Re: A silly idea?

In a message dated 05/09/2002 09:36:49 GMT Daylight Time, rt@cygnets.co.uk 
writes:


> I said that I would like to "future proof" my forms by starting to write
> them in xforms.
> Responses pointed out that xforms is only at working draft 1.0 so any
> xforms generated now might require to be revised several times.
> 
> This triggered the, probably silly, idea that all XML specifications
> (XFROMS, XHTML etc. etc.) should include XSLT stylesheets that would
> take a document conforming to that revision of the specification and
> spit it straight back out.
> 
> This sounds a bit pointless. However such a specification would mean
> people instantly had working stylesheets, conforming to the
> specification, which they could begin to modify. It would also mean
> that, with a bit of cutting and pasting between two specifications,
> stylesheets could be generated that would update xforms compliant with
> earlier specifications to the latest revision. It might even help with
> the generation of stylesheets that translate between say Xforms and
> XHTML, if only for UI markup purposes. Having working stylesheets would
> be a big boost to people like myself who are trying to quickly get to
> grips with several new technologies and it would help standardisation
> and long term maintenance.
> 
> Is this a silly idea, if so why? - fire away.
> 
> Robert

Robert,

It's both a sensible idea and a silly idea. And it's not new.
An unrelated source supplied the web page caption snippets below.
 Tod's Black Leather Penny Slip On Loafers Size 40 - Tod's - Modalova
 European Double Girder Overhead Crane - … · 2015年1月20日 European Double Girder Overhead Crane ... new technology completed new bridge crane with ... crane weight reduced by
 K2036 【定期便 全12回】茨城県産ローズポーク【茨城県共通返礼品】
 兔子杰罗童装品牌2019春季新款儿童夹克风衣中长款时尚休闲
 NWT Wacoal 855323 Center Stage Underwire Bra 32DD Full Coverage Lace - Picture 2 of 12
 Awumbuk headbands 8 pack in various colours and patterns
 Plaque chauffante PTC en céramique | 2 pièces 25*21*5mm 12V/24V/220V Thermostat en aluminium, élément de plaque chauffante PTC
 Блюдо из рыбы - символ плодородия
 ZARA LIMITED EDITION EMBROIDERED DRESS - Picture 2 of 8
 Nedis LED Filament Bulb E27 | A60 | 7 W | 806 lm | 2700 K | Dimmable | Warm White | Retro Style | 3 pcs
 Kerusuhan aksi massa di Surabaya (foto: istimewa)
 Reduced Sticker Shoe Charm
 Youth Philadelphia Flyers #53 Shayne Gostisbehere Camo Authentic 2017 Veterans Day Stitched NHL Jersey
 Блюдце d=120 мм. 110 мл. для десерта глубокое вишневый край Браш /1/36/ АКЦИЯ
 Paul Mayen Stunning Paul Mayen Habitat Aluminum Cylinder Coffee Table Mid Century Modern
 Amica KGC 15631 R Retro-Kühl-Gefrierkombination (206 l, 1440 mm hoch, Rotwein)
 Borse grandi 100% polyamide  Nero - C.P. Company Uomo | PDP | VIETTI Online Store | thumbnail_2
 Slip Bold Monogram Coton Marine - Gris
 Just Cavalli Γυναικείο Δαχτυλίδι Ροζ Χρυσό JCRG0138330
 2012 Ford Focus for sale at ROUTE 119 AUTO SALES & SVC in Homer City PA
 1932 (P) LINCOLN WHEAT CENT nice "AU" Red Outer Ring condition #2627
It's sensible, in principle, because (assuming it were possible) it would be 
nice to be able to use XSLT to update documents which conform to a W3C 
Working Draft to be documents which conform to a final Recommendation.

Why is it not possible, at least using XSLT 1.0 alone?

XSLT is built on XPath. XPath has no way to access or manipulate the DOCTYPE 
declaration. The DOCTYPE declaration inevitably changes between a Working 
Draft and a full Recommendation. So you can't use XSLT to update all of the 
document.

So, it cannot be done using XSLT alone.